Indian film and television actress (born 1974)

Purbi Joshi is an Indian television actress and voice-dubbing actress who speaks Hindi, comedian, performer and anchor of television shows.

==Biography==
Purbi Joshi is a daughter of actors Pravin Joshi and Sarita Joshi. She is a sister of Ketki Dave. There was a pressure to pursue the career of acting due to it being present in her family for generations.

== Television career ==
In 1995, Purbi got her first break in the television show Faasle.

Purbi started her career as a model in commercials for brands like Happy Dent chewing gum, Nirma Washing Powder, and Thompson Television. She did lead role in Doordarshan TV series Dishayein. She did double role of twin sisters.

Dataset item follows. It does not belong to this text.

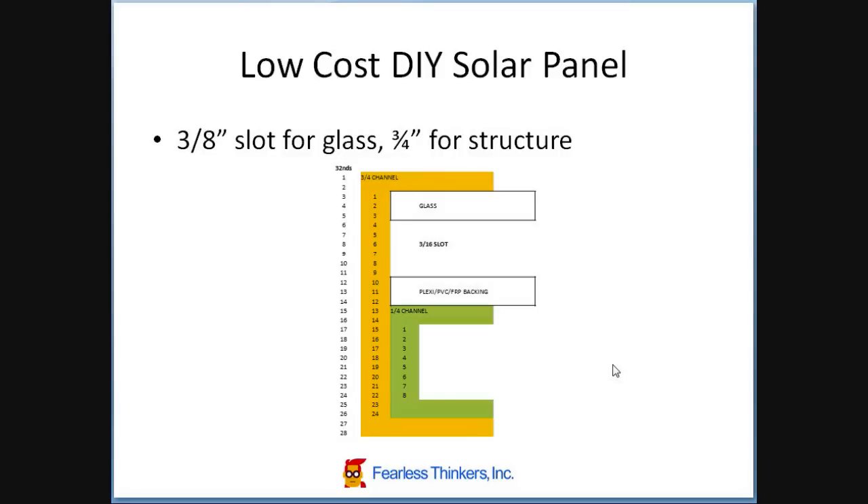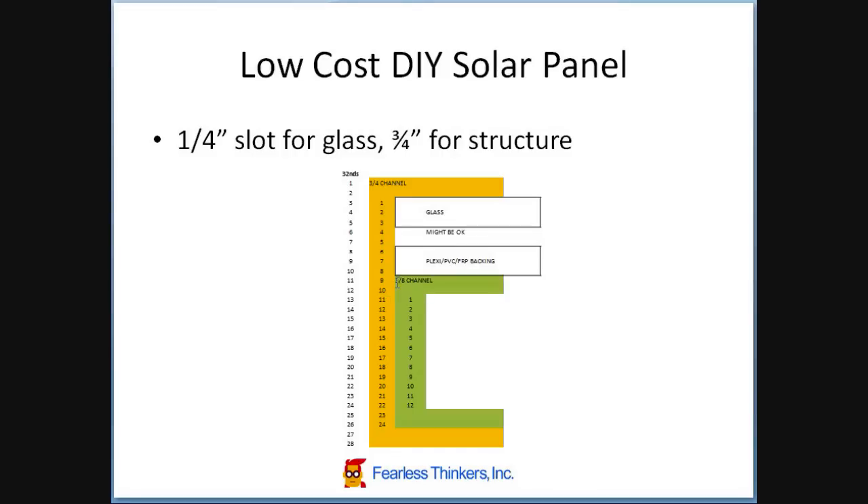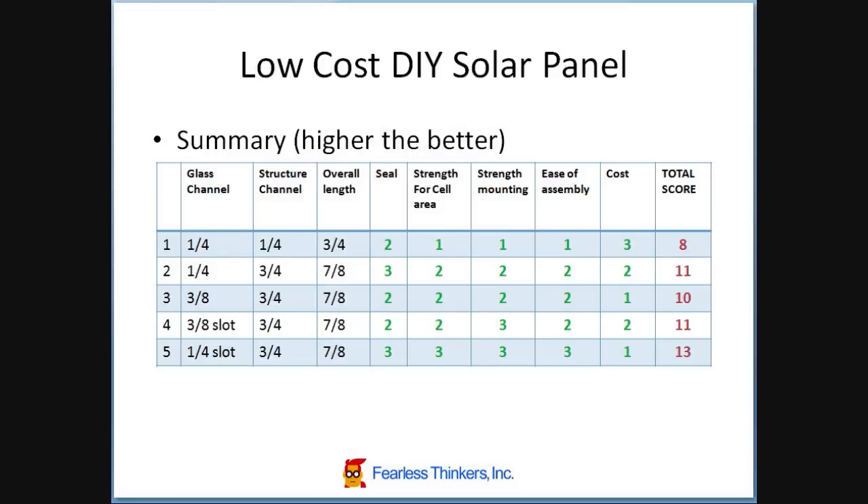The next approach is kind of similar, but instead of putting the quarter-inch channel above, I would have it below as a structural piece for improving the mounting strength below. It would provide a stronger structural support for holding the array itself up, providing a little bit better support for gravity and the weight of the backing material and the cells. Then the next one is similar, but uses the 3/8-inch channel below to provide the backing for the backing material and much stronger structural integrity for the mounting section itself.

In 2008, she participated in Mr. & Miss TV, a celebrity talent competition which she won and was declared "Miss TV". She is most well known for her association with the Comedy Circus. Purbi hosted several seasons of Comedy Circus and performed as a member of the principal cast. Purbi was also a part of MTV India's first spoof film of the Bollywood franchise Dhoom in the television movie, Ghoom.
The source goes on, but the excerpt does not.